Dit onderzoek onderstreept de noodzaak en meerwaarde van samenwerking tussen de zorginstelling en teams infectieziektebestrijding, hygiëne en inspectie, en microbiologie, waar de combinatie van epidemiologische, contextgerelateerde en moleculaire data kan helpen bij het detecteren en bestrijden van een cluster in een moeilijk waarneembare, kwetsbare populatie.  

In het uitbraakonderzoek kwamen er enkele uitdagingen en bijbehorende leerpunten naar voren:  

  1. Uit een interne evaluatie bleek dat er bij de eerste twee patiënten een individueel contactonderzoek was uitgevoerd door de verpleegkundigen op locatie, zonder dat de GGD een uitbraakonderzoek was gestart. Om in de toekomst alerter te zijn op mogelijke uitbraken, gebruikt het team Infectieziektebestrijding van de GGD inmiddels een dashboard met daarin near-realtime informatie over meldingen van infectieziekten, weergegeven op een kaart per postcode-4-gebied. Daarnaast zou moleculaire surveillance beter geïntegreerd moeten worden in clusterdetectie bij team Infectieziektebestrijding. Hierbij is de samenwerking met het laboratorium dat de typering uitvoert (voor iGAS het NRLBM) essentieel.  

  1. Het opvolgen van adviezen en deelname aan het bron- en contactonderzoek in de dak- of thuislozensetting blijkt in de praktijk lastig. Medewerkers van de GGD zijn tot drie keer naar de locatie gegaan om aan zoveel mogelijk personen voorlichting te geven over de situatie en handelingsperspectieven. In een evaluatie gaf de teamleider van de locatie aan dit als prettig te hebben ervaren. Voor een bezoek in de toekomst zou daarnaast een brief kunnen dienen als naslagwerk voor bewoners en medewerkers. 

  1. Medewerkers van de locatie hebben het als onprettig ervaren dat de inventarisatie van bereidheid tot antibioticagebruik in groepsverband werd gedaan. Een alternatief hiervoor zou zijn om een tijdelijke spreekkamer op locatie te openen voor individuele voorlichting en testafname.
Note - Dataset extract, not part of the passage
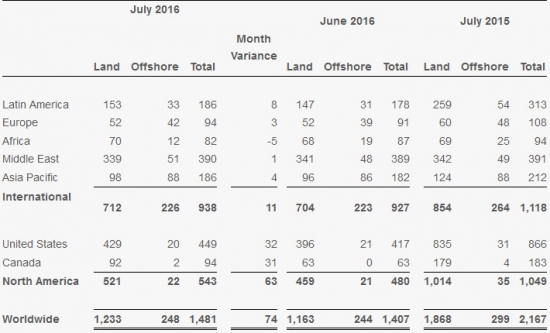 Нефтяные вышки - данные Baker Hughes за июль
Idealiter zouden de arts infectieziektebestrijding en de bedrijfsarts van de locatie hierin samenwerken, ook bij het voorschrijven van antibiotica. 

Met bovenstaande punten zal bij toekomstig uitbraakonderzoek (in een dergelijke setting) rekening worden gehouden. 
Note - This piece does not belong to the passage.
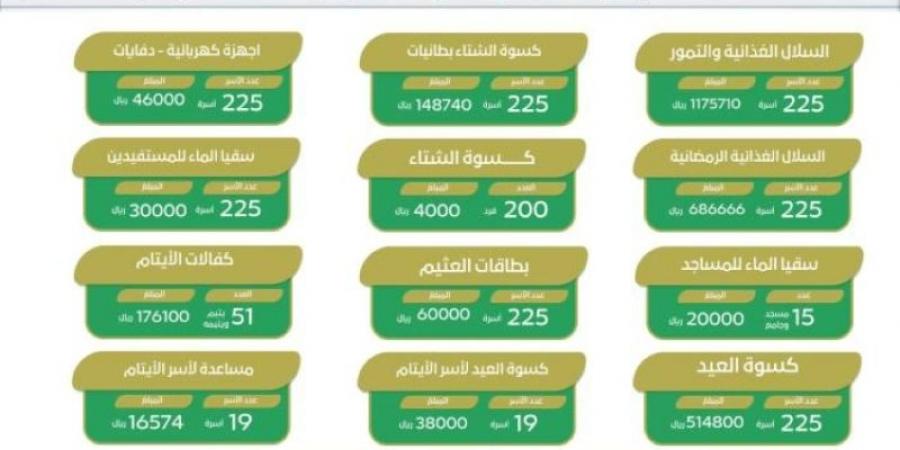 بر لينة تنفذ مشروعات خيرية بقيمة (3,035,540) ريالًا خلال 2024 - اخبارك الان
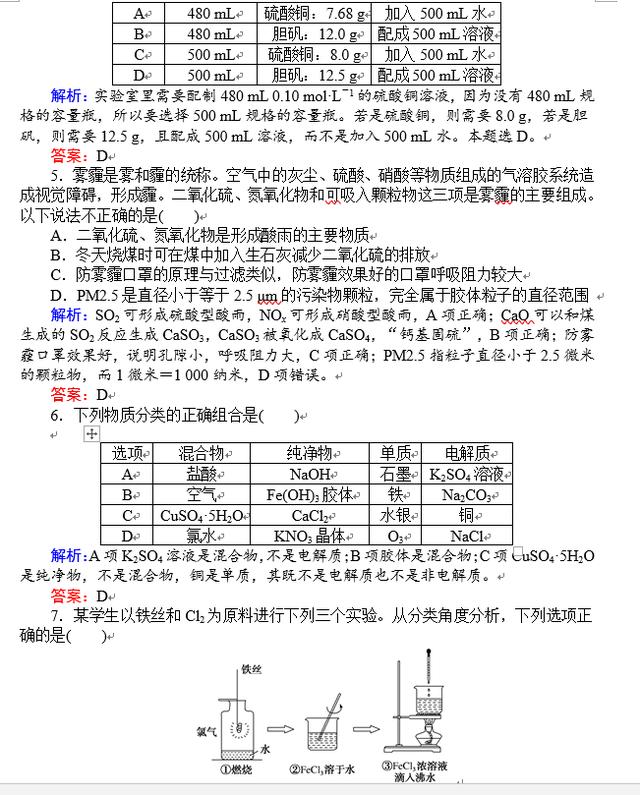 最全版！高中化学基础考点检测重要题集，帮孩子打印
  1. Wet publieke gezondheid. 2024. 
  2. Slockers M, van Laere I, van den Muijsenbergh M. Gezondheidsproblemen bij daklozen. Huisarts en Wetenschap. 2017, 7: 360-362.  
  3. Aronson SL, van Hassel S, Plantinga-Muis L, Smit RBJ. Infectieziekten Bulletin. 2019, 30(5)
  4. LCI-richtlijn Groep A-streptokokkeninfectie. 2023.  
  5. Government of Western Australia, Department of Health. Invasive group A streptococcal disease – Statutory notification. 2023.